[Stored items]

· · ·

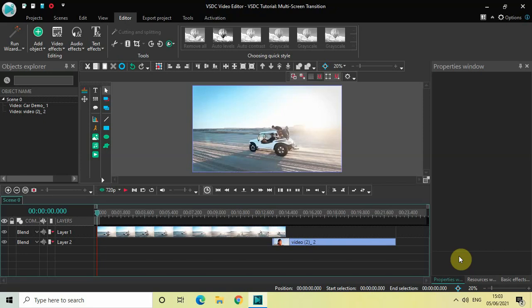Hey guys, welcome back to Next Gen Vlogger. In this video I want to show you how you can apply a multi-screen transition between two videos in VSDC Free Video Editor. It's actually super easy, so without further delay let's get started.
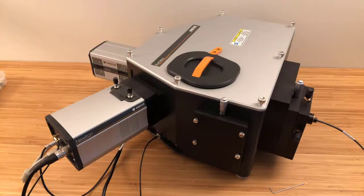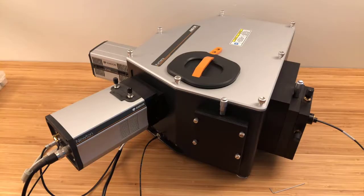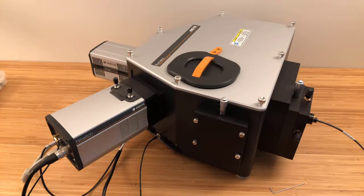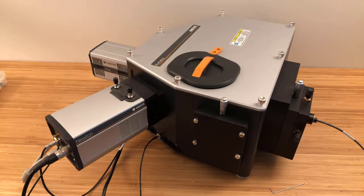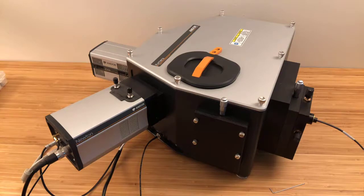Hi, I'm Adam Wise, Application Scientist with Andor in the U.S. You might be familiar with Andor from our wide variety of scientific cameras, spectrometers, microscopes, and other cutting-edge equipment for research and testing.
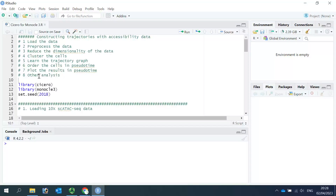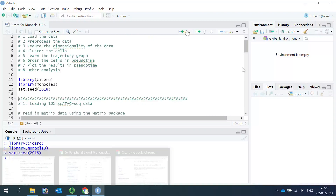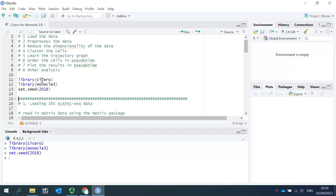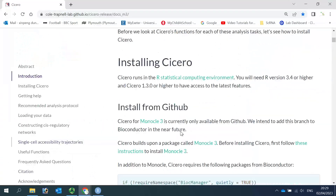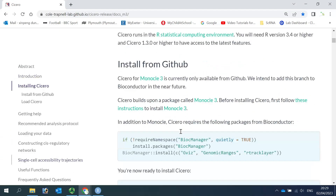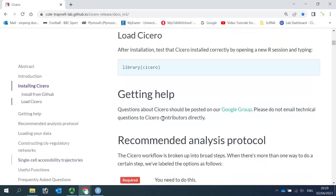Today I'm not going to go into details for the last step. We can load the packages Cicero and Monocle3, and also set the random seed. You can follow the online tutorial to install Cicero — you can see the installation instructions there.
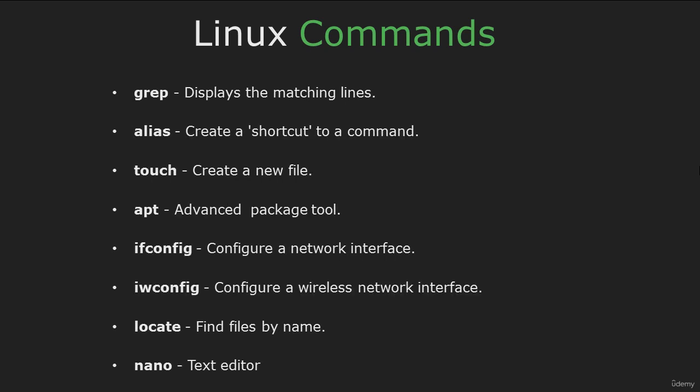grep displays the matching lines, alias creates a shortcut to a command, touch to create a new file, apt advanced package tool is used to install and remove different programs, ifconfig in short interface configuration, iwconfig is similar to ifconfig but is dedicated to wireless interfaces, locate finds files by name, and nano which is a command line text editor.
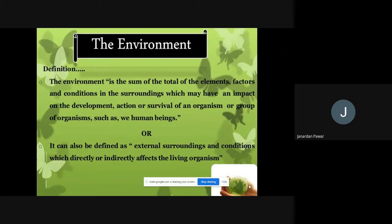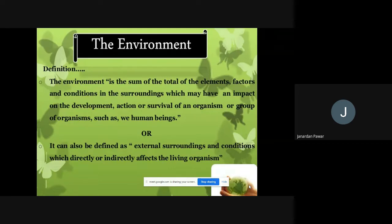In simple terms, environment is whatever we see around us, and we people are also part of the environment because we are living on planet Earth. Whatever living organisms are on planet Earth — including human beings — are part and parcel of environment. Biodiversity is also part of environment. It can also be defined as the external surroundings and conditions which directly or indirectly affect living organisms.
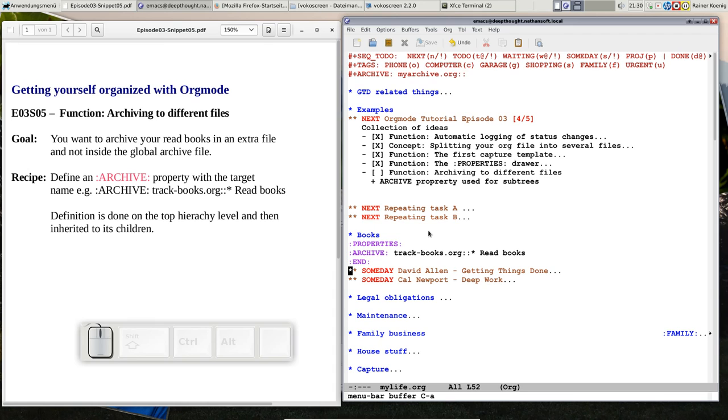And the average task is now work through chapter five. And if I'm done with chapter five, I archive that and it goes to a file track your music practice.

· · ·

▸ **Problem**: From the first line to the last, set down the records exactly, leaving out images.

▸ **Solution below**:
Hey guys, welcome back to Next Gen Vlogger. In this video I want to show you how you can apply a multi-screen transition between two videos in VSDC Free Video Editor. It's actually super easy, so without further delay let's get started.
Hi, I'm Adam Wise, Application Scientist with Andor in the U.S. You might be familiar with Andor from our wide variety of scientific cameras, spectrometers, microscopes, and other cutting-edge equipment for research and testing.
Today I'm not going to go into details for the last step. We can load the packages Cicero and Monocle3, and also set the random seed. You can follow the online tutorial to install Cicero — you can see the installation instructions there.
grep displays the matching lines, alias creates a shortcut to a command, touch to create a new file, apt advanced package tool is used to install and remove different programs, ifconfig in short interface configuration, iwconfig is similar to ifconfig but is dedicated to wireless interfaces, locate finds files by name, and nano which is a command line text editor.
In simple terms, environment is whatever we see around us, and we people are also part of the environment because we are living on planet Earth. Whatever living organisms are on planet Earth — including human beings — are part and parcel of environment. Biodiversity is also part of environment. It can also be defined as the external surroundings and conditions which directly or indirectly affect living organisms.
And the average task is now work through chapter five. And if I'm done with chapter five, I archive that and it goes to a file track your music practice.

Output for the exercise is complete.